Even if Abele did cleverly bend all these people to his will, no one has provided any evidence he has an animus against Veolia or any other of the bidders, other than MTS, which has frustrated many county officials. Rather he seems biased in favor of saving money for a system that is losing funding.
Veolia and MTS have tried to claim that MV will be allowed to increase its administrative costs later, but Abele’s lawyers, in their response to the appeals, shoot that theory down. The county Department of Transportation, it notes, “now has a New Contract with MV that is waiting for final approval from the County Executive and the County Board of Supervisors” and that “locks MV into the price proposal it submitted during the RFP process.”
The contract, the lawyers go on, “includes… heavy fines if MV does not fulfill its obligations. If MV performs below established performance standards, the County can deduct amounts specified in the performance schedule from the pre-determined management and administration fees. The New Contract also includes liquidated damages that may be assessed against MV if it does not provide the services contemplated in the New Contract.”
MV is not as big or as experienced in this field as Veolia, but Frenney notes it has won 200 contracts world-wide, about half of which are for fixed route bus systems, including 700 fixed-route and commuter buses in Los Angeles and fixed-route and paratransit buses numbering 700 in Orange County and 550 in Detroit.
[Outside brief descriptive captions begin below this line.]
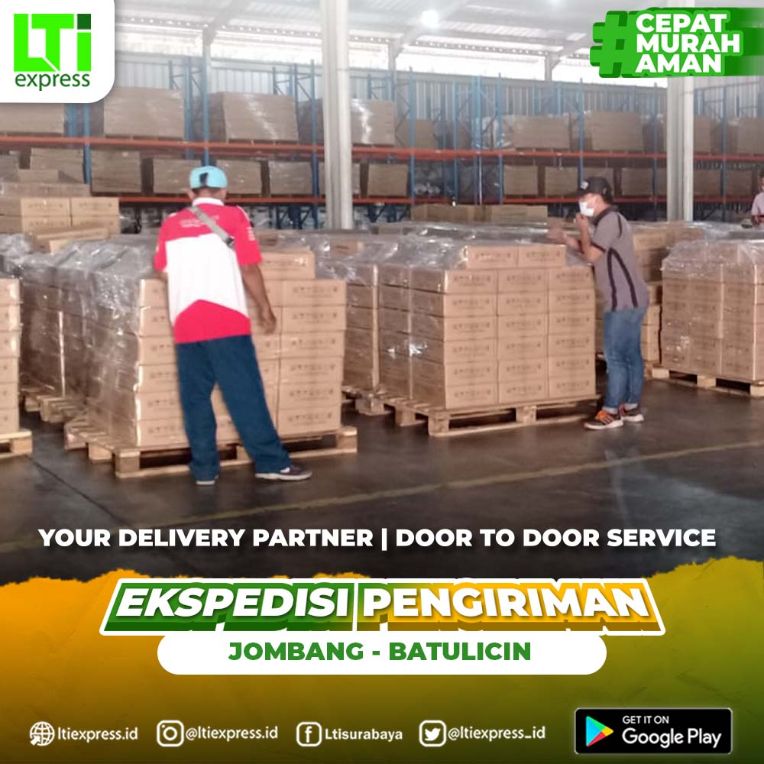 ekspedisi jombang ke batulicin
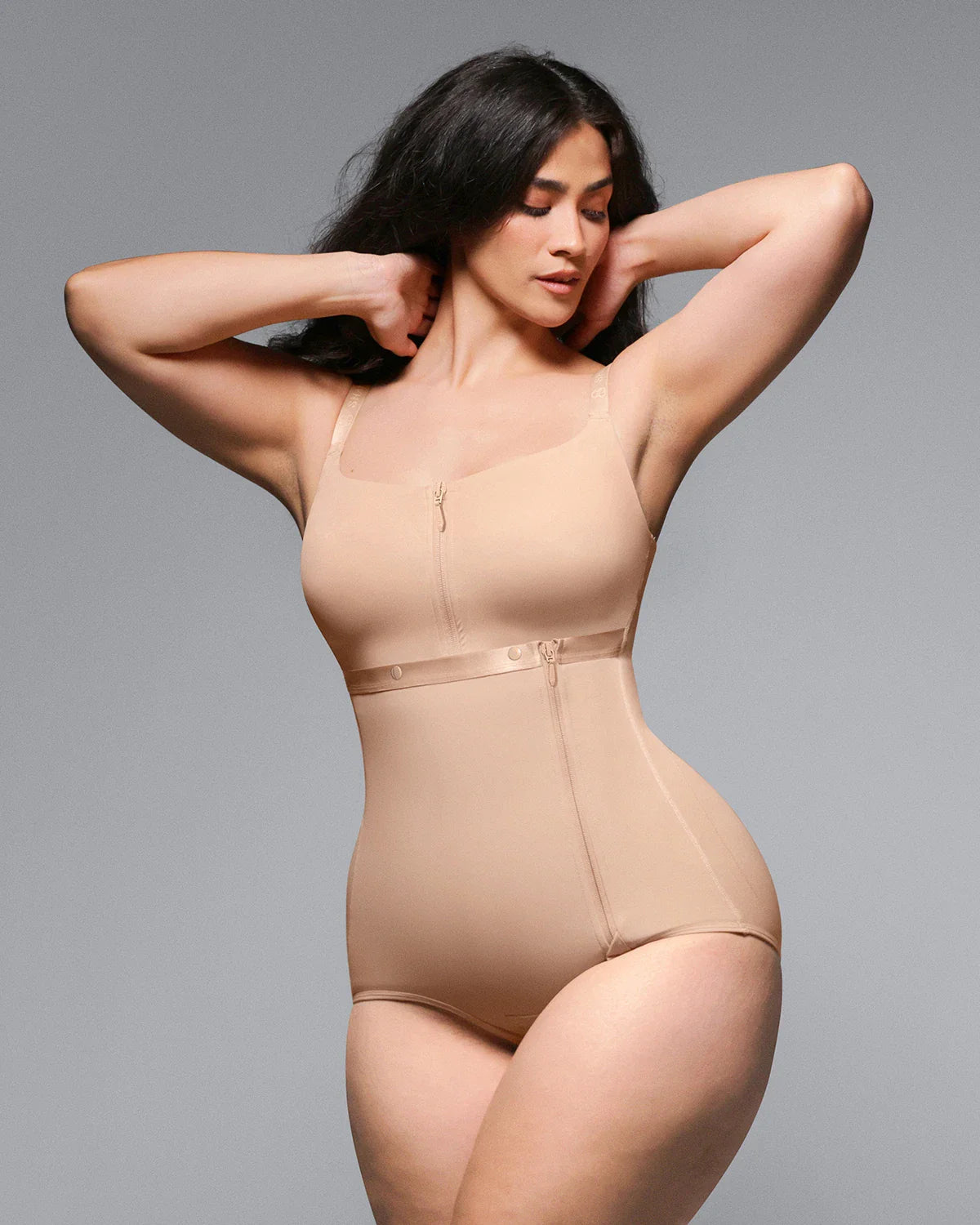 Tummy Control Sculpting Brief Bodysuit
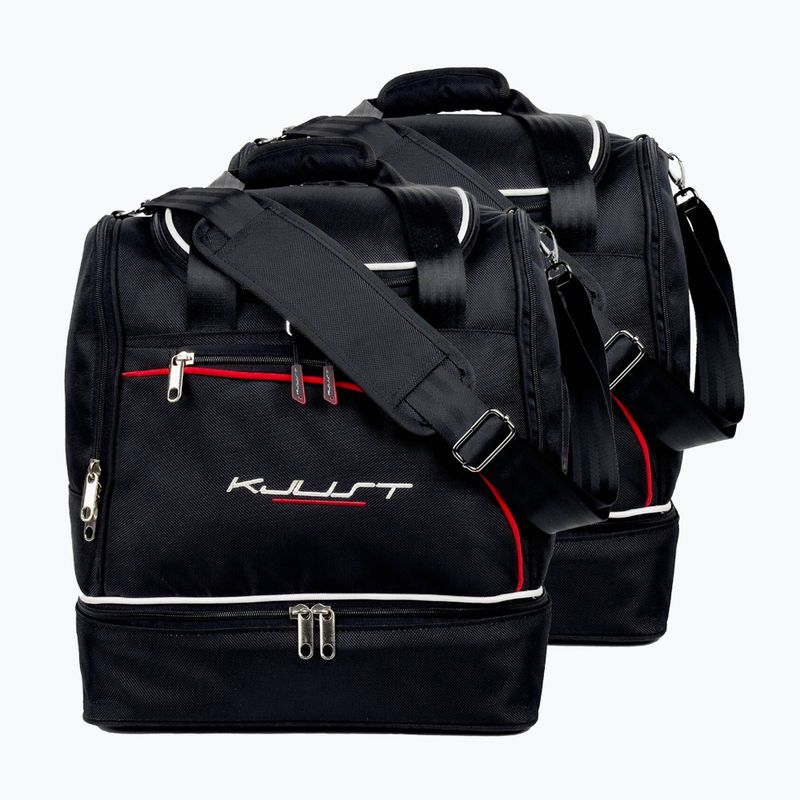 KJUST sac de boot set Porsche 911 Carrera 4 2012-2015 2 buc negru.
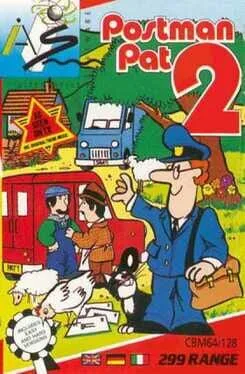 Postman Pat 2 (C64)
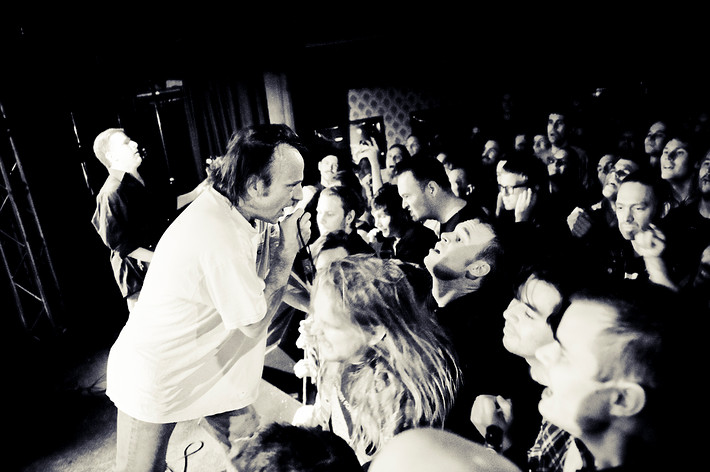 2009-09-18 - The Jesus Lizard från Debaser Slussen, Stockholm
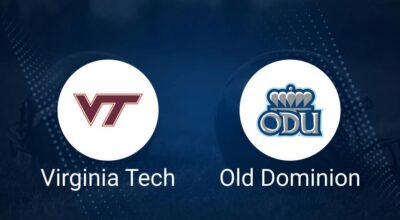 Best Bets, Predictions & Odds for the Old Dominion vs. Virginia Tech Game – Saturday, Sept. 14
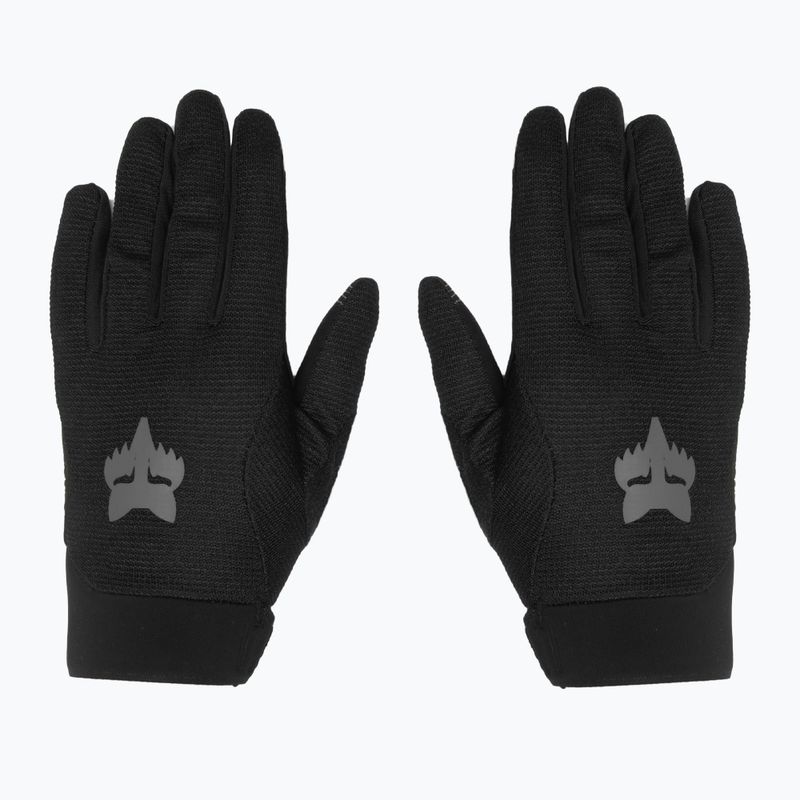 Fox Racing Ranger Jr детски ръкавици за колоездене черни 2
If MV tried to renegotiate or bail out of its Milwaukee contract, that would kill its reputation when it bids for future contracts.
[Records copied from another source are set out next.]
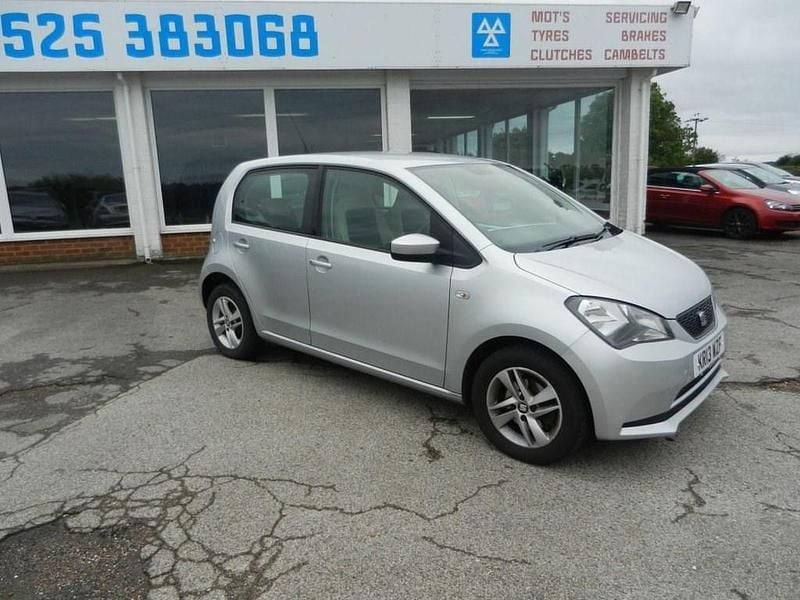 Silver Used 2013 Seat Mii Hatchback | £2,695 (Fair price) - Image 1/4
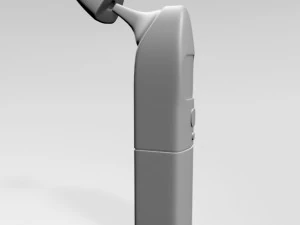 Infrared Forehead Thermometer 03 3D Model
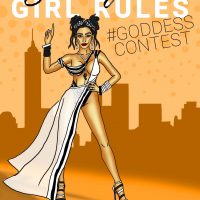 Cover Reveal: Singe Girl Rules #GoddessContest by Ivy Smoak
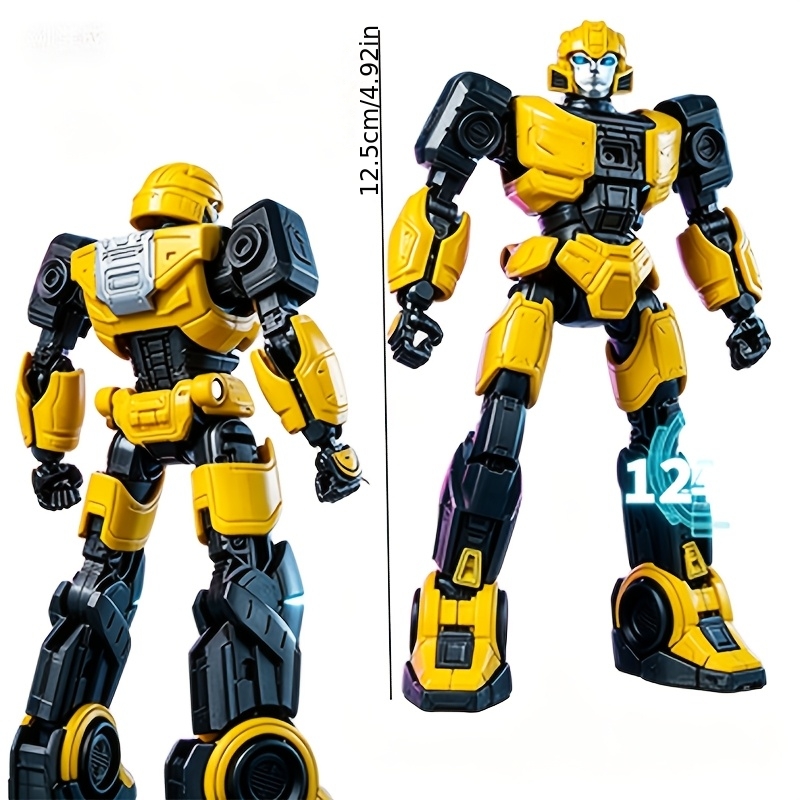 item picture 1     and Black   Mecha Series Model, Cool Mecha Action Figure,   Decor,   Gift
Nor can it cutback service, because under the contract the county still sets the routes, fares and the like.
If there is any fear that makes sense to me, it’s that the company will recoup money it may lose on administration by seeking salary and wage givebacks from bus drivers. Frenney denies this, noting that MV “will honor all wages, benefits, seniority and pension for the MTS employees and retirees.” And Abele’s lawyers note that the contract provides incentives for exceeding performance standards, and requires MV to split any incentives earned with employees.
Meanwhile, what is the county board’s solution to the problem? As I’ve previously written, the board was supposed to create a review panel to consider the legal appeals by MTS and Veolia, but board chair Marina Dimitrijevic did nothing for months, until I made an inquiry regarding this, and within two hours of my emailed question, the board immediately announced that five county supervisors had just been appointed to serve as a committee to hear the appeal.
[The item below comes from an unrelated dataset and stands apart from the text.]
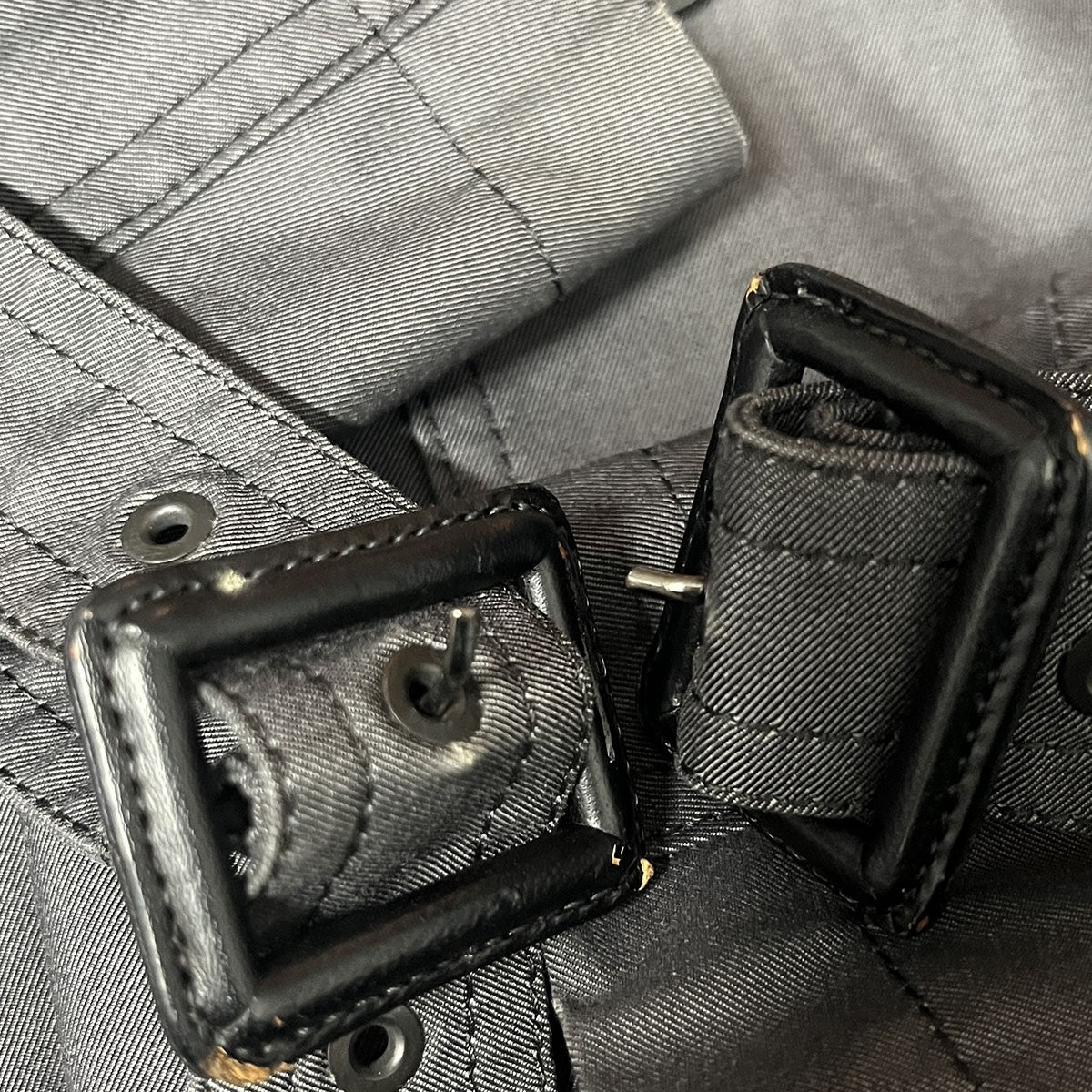 BURBERRY BLACK LABEL　ロングパーカージャケット　ライナー付 中古・古着通販】BURBERRY BLACK LABEL (バーバリーブラックレーベル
In theory, the panel cannot invalidate the RFP process unless it broke the laws, but this is not an assembly of judges doing the evaluation, and it’s not at all clear how much discretion this panel has. It will be fascinating to see what the panel decides.
Meanwhile, the board has already passed a resolution declaring it may take the bus system in house unless supervisors approve a contract with an outside vendor by April 1 (the board has a committee studying the issue). This could leave MV as well as Veolia and MTS out of the picture and would mean the county would take over management of the system. (The county has always retained ownership of the buses, buildings and equipment in the system.)
Odds are this would mean far higher management costs than MV proposes to spend. In fact, the costs could be higher than what MTS charged: the county originally outsourced to the nonprofit in 1975 in order to lower the costs. That, of course, would result in more cuts in service to a system that has been battered by more than a decade of such reductions.